> [BRIEF] Return the lines that run from the beginning of the entries to the line holding "عکس گردو ها", inclusive, and drop the pictures.
○ ○ ○ ○
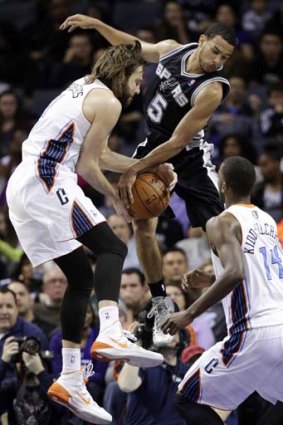 Cory Joseph of the San Antonio Spurs (centre) battles with Josh McRoberts of the Charlotte Bobcats (left) for a rebound as Michael Kidd-Gilchrist of the Bobcats stands nearby.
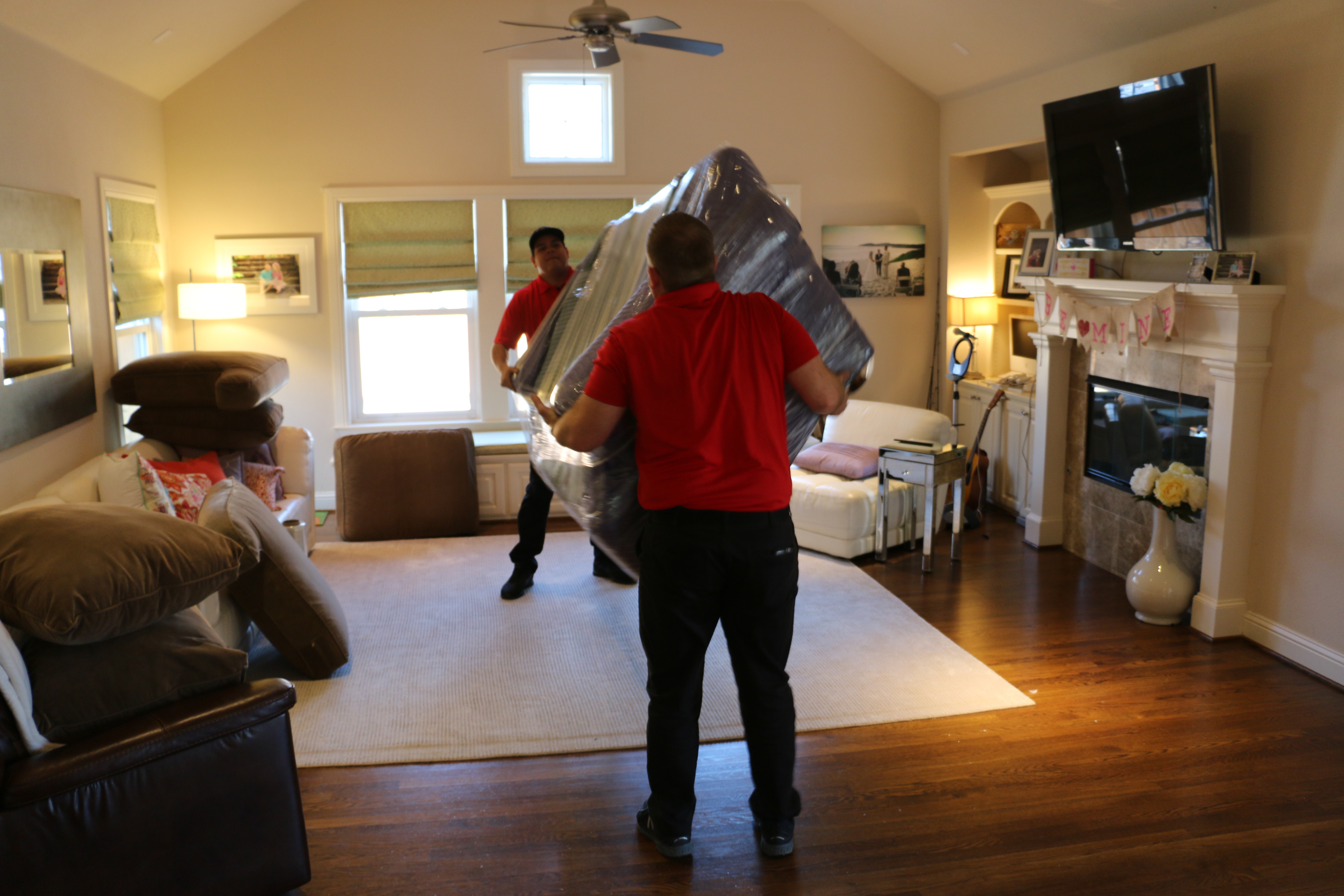 Full Service Moving Company In Texas - 2 Firefighting's Finest Moving & Storage guys moving a couch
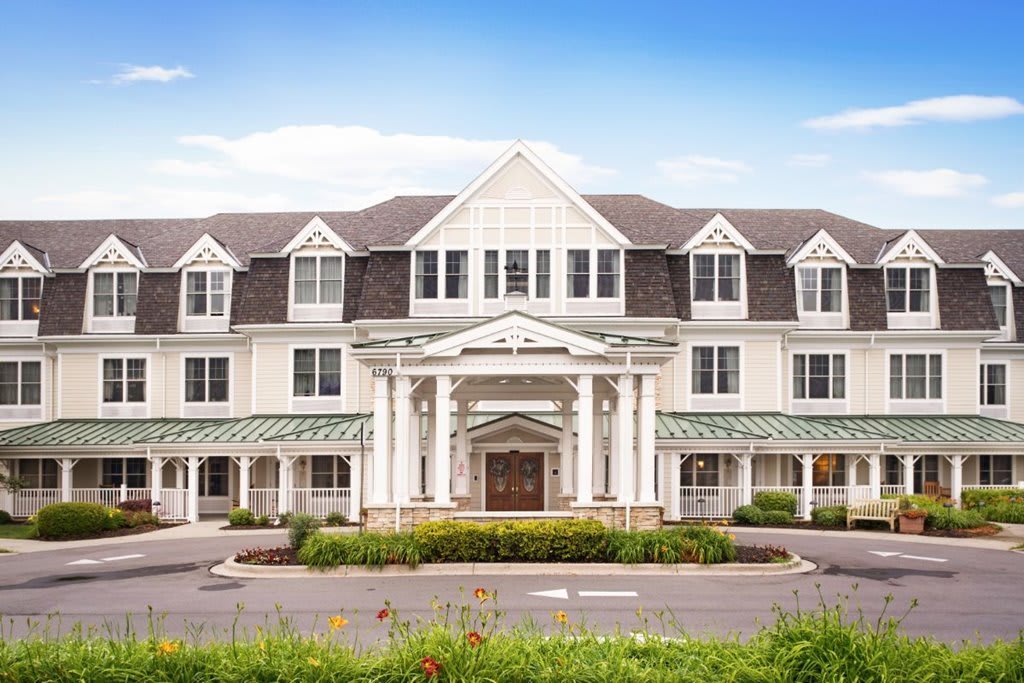 A front view of a large colonial-style building with symmetrical design.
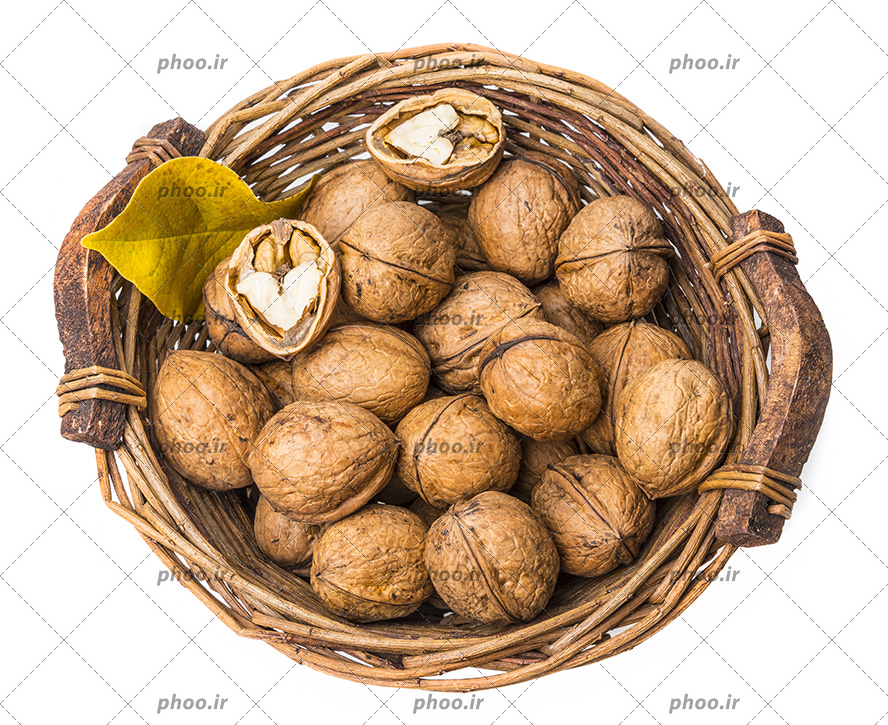 عکس گردو ها در سبد چوبی و یک گردوی شکسته از نمای بالا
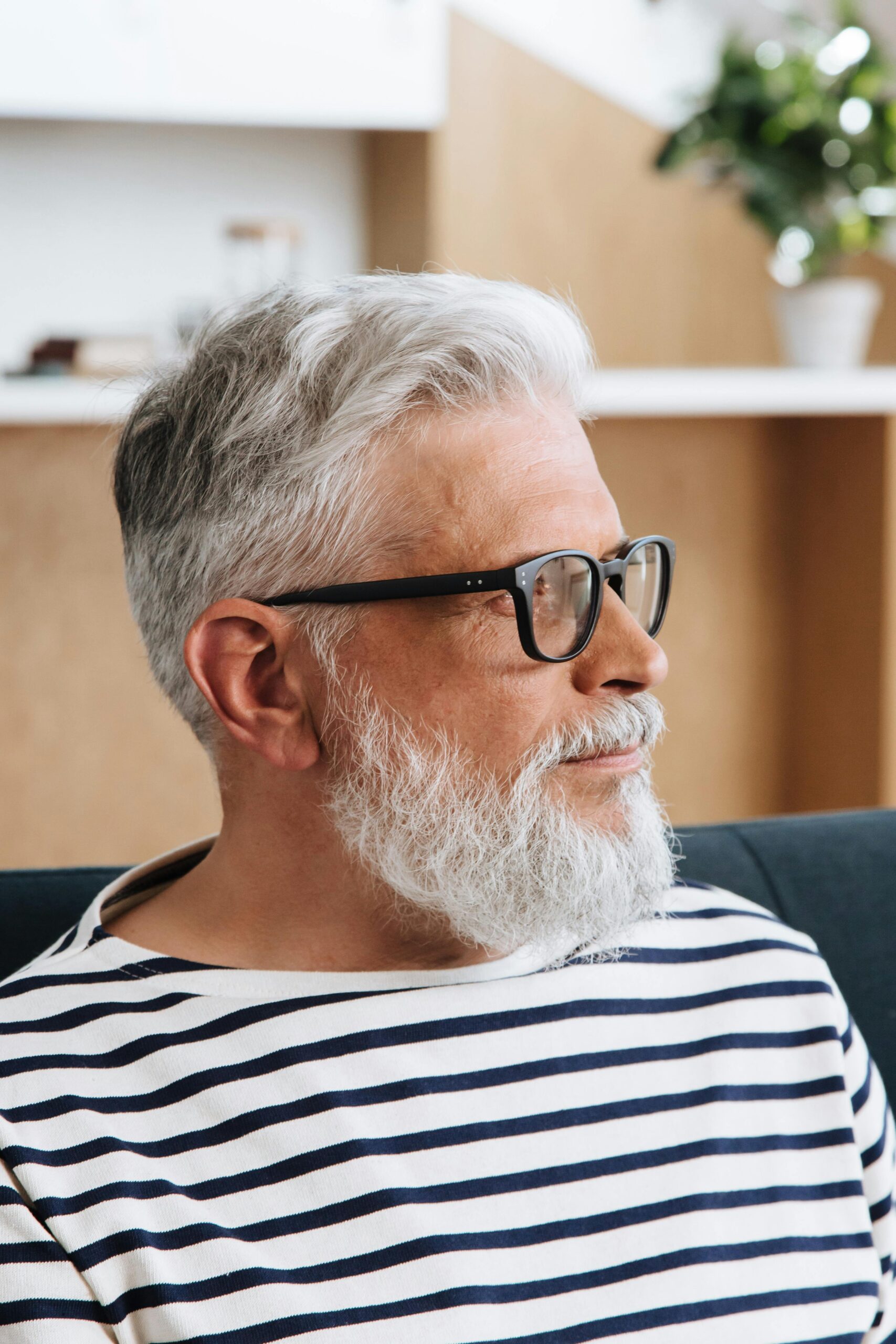 Senior man with gray hair and beard wearing black glasses and striped shirt, side-profile portrait in a modern home.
○ ○ ○ ○
> [TASK RESULT]
 Cory Joseph of the San Antonio Spurs (centre) battles with Josh McRoberts of the Charlotte Bobcats (left) for a rebound as Michael Kidd-Gilchrist of the Bobcats stands nearby.
 Full Service Moving Company In Texas - 2 Firefighting's Finest Moving & Storage guys moving a couch
 A front view of a large colonial-style building with symmetrical design.
 عکس گردو ها در سبد چوبی و یک گردوی شکسته از نمای بالا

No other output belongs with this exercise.